Saturday, November 7, 2015

La tricherie à l'université

"Le problème, c’est que plusieurs étudiants vont à l’école uniquement pour avoir un papier. Et selon moi, c’est un peu de notre faute. On ne regarde que les notes pour la maîtrise et les bourses [sauf dans certains programmes] au lieu de faire des entrevues et de valoriser ce que l’étudiant a réellement appris. »
Tiré de La Presse + ce matin
Ça ne m'a jamais même croisé l'esprit lorsque j'étais aux études. J'ai payé des secrétaires de l'Université d'Ottawa pour taper mes travaux manuscrits, car c'était avant les ordinateurs personnels et si on faisait plus de 3 fautes de frappe sur une page dactylographiée, il fallait recommencer la page. Pendant une fin de session, je me revois en train de passer mes feuilles manuscrites à ma mère au fur et à mesure que je terminais leur rédaction. Ma mère était montée à mon appartement pour taper mes travaux. Elle avait pris pitié de moi cette fois-là. Les doigts de ma mère s'envolaient sur le clavier de ma machine à écrire comme ceux d'Alain Lefèvre sur un Grand.

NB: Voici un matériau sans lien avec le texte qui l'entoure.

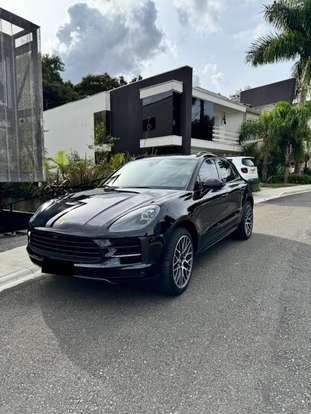 PORSCHE-MACAN-2021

Pendant une session de mon bac en littérature, étant débordée dans mes lectures, j'avoue avoir "écouté" The Picture of Dorian Gray par Oscar Wilde sur des cassettes au lieu de le lire pour gagner du temps. Je n'avais pas réalisé que la version lue sur cassette était abrégée et que cela me présenterait des petits pépins lors de ma synthèse alors j'ai quand même dû me procurer le livre et lire certains passages.
Au cégep Bois-de-Boulgogne, mon prof de littérature nous rencontrait individuellement pour nous interviewer à propos de nos lectures à partir de la liste qu'il nous avait imposée en début de session. Tu avais intérêt à avoir lu les livres attentivement. Je me souviens qu'on devait lire "Pour qui sonne le glas" d'Ernest Hemingway. Nous avions une copie de "For whom the Bell tolls" dans l'immense bibliothèque chez mes parents, alors j'avais décidé de lire la version originale en anglais pour mon cours de français. Je me souviens que je me sentais nerveuse pendant l'entrevue du lundi matin craignant que mon prof s'aperçoive que je ne l'avais pas lu la traduction française. J'ai toujours préféré lire des livres dans la langue de départ.
Il y a tellement de façons d'exprimer sa pensée que si les profs d'universités et de cegeps variaient le genre de productions qu'ils acceptent des étudiants, la tentation du plagiat se présenterait moins. Par exemple pour un travail final dans un cours de didactique de littérature de niveau secondaire à la faculté d'éducation de l'Université d'Ottawa, au lieu de remettre un bon vieux travail écrit pour présenter ma recherche, j'avais décidé d'écrire des paroles de chanson sur l'air de King of the Road de Roger Miller. Pour ma présentation orale, j'avais apporté ma guitare en classe. Impossible de faire du plagiat dans ce cas.
C'est certain qu'une telle ouverture demande que les profs soient prêts à faire autrement et à analyser une panoplie de modes d'expression. Par contre, porter un jugement sur de telles productions en les convertissant en un pourcentage devient un exercice plus complexe. Peut-être devrions-nous nous éloigner des notes, mais ça c'est un tout autre débat qui demande un gros travail de débroussaillage.
Selon moi, nous devons inviter les étudiants à s'engager à fond pour le plaisir d'apprendre et de débattre des idées en variant les travaux de productions et leurs moyens d'expression.
C'est à nous de former les prochaines générations à réfléchir sur le monde et sur les rôles qu'ils veulent jouer sur cette grande scène afin de former leurs propres valeurs.
Trente-trois ans plus tard pour en avoir la conscience tranquille, je viens de rajouter The Picture of Dorian Gray à ma liste de lecture. Bonne journée!